Книги А. Н. Маслова (писавшего под псевдонимом А. Н. Бежецкий) «Путевые наброски: В стране мантильи и кастаньет» (1884) и Н. А. Лейкина «Под южными небесами. Юмористическое описание поездки супругов Николая Ивановича и Глафиры Семеновны Ивановых в Биарриц и Мадрид» (1899) дают представление о том, как испанская тема нашла отражение в конце века в массовой литературе.
Бежецкий открывает свои «испанские впечатления» такими стишками, сочиненными, вероятно, самим автором: «Здесь, перед бананами, / Если не наскучу, - / Я между фонтанами / Пропляшу качучу. /
Будет в нашей власти / Толковать о мире, / О вражде, о страсти, / О Гвадалквивире, / Об улыбках, взорах, / Вечном идеале, / О тореадорах / И об Эскурьяле...».

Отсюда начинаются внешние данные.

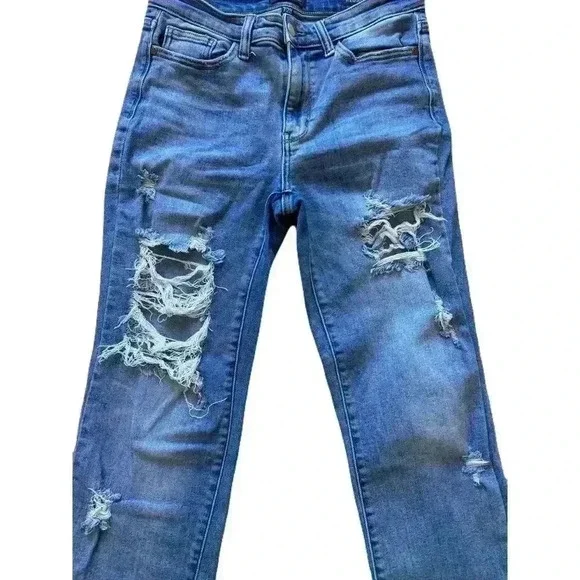 Trendy Distressed Medium Wash Straight Leg Jeans with Ripped Details - Picture 4 of 9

Сразу же, с первых строчек, дается тот набор стереотипов, с которым на протяжении почти полувека стремились бороться все, кто видел Испанию своими глазами. Но подано все это в шутливом тоне, как бы с предложением не принимать всерьез это «маленькое путешествие по Испании».
И дальше Бежецкий не раз будет воспроизводить этот набор, в который входят «кастаньеты, площади auto-da-fe... вежливые разбойники и наглые нищие... Мадрид и какой-нибудь кабальеро, который несется по улицам этого города, «лицо плащом закрыв, а брови шляпой» ... оборванные, грязные дети красоты неописанной... ножки Марин Падильи, продетые непременно сквозь чугунные перила... Севилья и Гренада при лунном свете: шумит, бежит Гвадалквивир ... и везде-то апельсины и мирты, и лавры, и воздух напоен ароматом и теплотою...».
Преподнося этот набор стереотипов, Бежецкий сразу же высказывает свое к нему отношение, как бы опережая возможную критику: «Можно ли взрослому человеку, уж не говоря литератору, писать такой ералаш? Что делать! Я не дорожу, как говорил г-н Пушкин, «любовию народной», от серьезных людей похвал себе не жду, а только пишу в свое и ваше удовольствие...». Продолжая эту ироническую тираду, автор определяет свою цель и одновременно — того читателя, на которого рассчитаны его записки: «... желаю вызвать на вашем утомленном лице улыбку; желаю, чтобы среди трескучих морозов, сменяющихся вдруг гнилыми оттепелями, во время которых плещутся в грязной и холодной бурде наши извозчичьи сани и калоши, под серым петербургским небом, на котором не видать солнца, а как будто догорает сальный огарок, в душной и скучной квартире, где только трещит мебель и порхает моль, чтобы вас на несколько минут озарила мечта о другом, более горячем солнце, о небе — небе более синем и ясном, растительности несколько более богатой, чем наши дворницкие метелки, и народе, следовательно, более счастливом на этот раз...» (там же).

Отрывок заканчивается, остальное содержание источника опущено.